By “Catholic precedent,” Jencks referred to Catholics’ advocacy for vouchers in the 1950s to bolster their parochial schools. Rev. Richard Blum, a Catholic priest and professor at Marquette University in Wisconsin, published Freedom of Choice in Education in 1958, just three years after Milton Friedman published his work on the topic.31 Blum helped popularize the argument for the subsidization of Catholic education in addition to vouchers outside the South. By the time of the Brown decision, Catholics had already established a strong network of parochial schools across the nation since the nineteenth century, embedding them in the education landscape. As historian Robert Gross notes in his analysis of school choice, Catholic schools transformed the education landscape to a marketplace, where private religious schools were an integral part of meeting larger public goals. These institutions received public support for their service, including property tax exemptions, which reduced the cost of enrolling in and maintaining private schools.32 Alongside the common or public school system developed in the middle of the nineteenth century, Catholic parochial schools became a mainstay in the United States, and tax exemptions were critical to their founding and expansion across the country. Their presence was contested and controversial after Brown, however, as private religious schools endorsed the same voucher legislation as southern segregationists.
In spite of a professed commitment to the ideal of separation of church and state suggested by the First Amendment, Catholic schools were primed to advocate for vouchers to expand the educational services they had been providing. Two cities in particular, Milwaukee and Cleveland, became critical test sites for the constitutionality of voucher programs. In Milwaukee, White flight, failed desegregation attempts, community control experiments, and conservative Republican leadership at the state level coalesced to create a ripe ground for vouchers, which came to a head when Governor Tommy Thompson signed the Milwaukee Parental Choice Program into law in 1990.33 In Ohio, White flight from the urban “crisis” depleted investment and resources for public education in Cleveland. The state had a long history of petitioning for public subsidies to support private education. With the rise of Republican leadership in the state legislature and governor’s office in the 1990s—and some Democratic allies—vouchers enjoyed wide support. Legislators implemented the controversial Cleveland Scholarship and Tutoring Program that funded the vast majority of private school tuition for low-income families.34
Teachers’ unions, civil rights organizations, and other traditional public education advocates across the nation bitterly opposed vouchers. Not only did the programs violate perceived understandings of the separation of church and state; they also circumvented traditional teacher licensure processes and undermined the viability of teachers’ unions. The controversy came to a head in 2002, when the Supreme Court upheld the constitutionality of vouchers in a 5–4 vote in Zelman v. Simmons-Harris. The court found that the voucher programs as practiced in Ohio were constitutional because public funding was not going directly to religious schools. Rather, the money was going to individuals who then elected to invest in religious programs. Writing for the majority opinion, Chief Justice William H. Rehnquist wrote: “Entirely neutral with respect to religion, it provides benefits directly to a wide spectrum of individuals, defined only by financial need and residence in a particular school district. It permits such individuals to exercise genuine choice among options public and private, secular and religious. The program is therefore a program of true private choice.”35 Voucher advocates received a morale boost with the decision, and the boundaries of the educational marketplace expanded.
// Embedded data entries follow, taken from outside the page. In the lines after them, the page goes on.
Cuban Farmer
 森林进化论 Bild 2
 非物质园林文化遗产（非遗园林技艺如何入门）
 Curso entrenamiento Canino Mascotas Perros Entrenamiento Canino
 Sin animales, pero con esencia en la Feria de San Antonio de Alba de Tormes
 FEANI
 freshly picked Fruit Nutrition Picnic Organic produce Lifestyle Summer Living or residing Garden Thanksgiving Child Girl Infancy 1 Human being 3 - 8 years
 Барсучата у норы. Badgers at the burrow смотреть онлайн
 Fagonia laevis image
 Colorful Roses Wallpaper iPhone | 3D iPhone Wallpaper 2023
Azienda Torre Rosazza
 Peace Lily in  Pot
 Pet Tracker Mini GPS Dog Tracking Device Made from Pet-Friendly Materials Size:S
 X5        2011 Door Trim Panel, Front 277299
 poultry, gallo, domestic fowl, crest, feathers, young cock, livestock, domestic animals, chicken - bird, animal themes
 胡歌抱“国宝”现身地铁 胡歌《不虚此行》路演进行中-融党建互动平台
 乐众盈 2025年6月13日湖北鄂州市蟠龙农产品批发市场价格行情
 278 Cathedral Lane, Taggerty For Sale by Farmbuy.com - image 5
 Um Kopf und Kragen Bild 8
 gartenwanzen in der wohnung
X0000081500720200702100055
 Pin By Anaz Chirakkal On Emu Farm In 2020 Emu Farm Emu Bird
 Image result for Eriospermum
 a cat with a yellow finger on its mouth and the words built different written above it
Though vouchers unnerved the most ardent defenders of public education across the nation—not to mention the teachers’ unions—the Zelman decision affirmed the fundamental right of parents to send their child to private schools or a constitutional claim to choose.36 Since the test cities of Milwaukee and Cleveland were firmly outside Dixie and maintained minority-majority school systems, voucher advocates achieved a critical symbolic victory as well. Vouchers were no longer the tools of racist segregationists. Vouchers at the turn of the century, to the contrary, theoretically benefited those most in need. And in a largely Christian country, many still welcomed the idea of publicly supporting parochial schools, such as Catholic schools, that made it their mission to improve the education of disenfranchised students.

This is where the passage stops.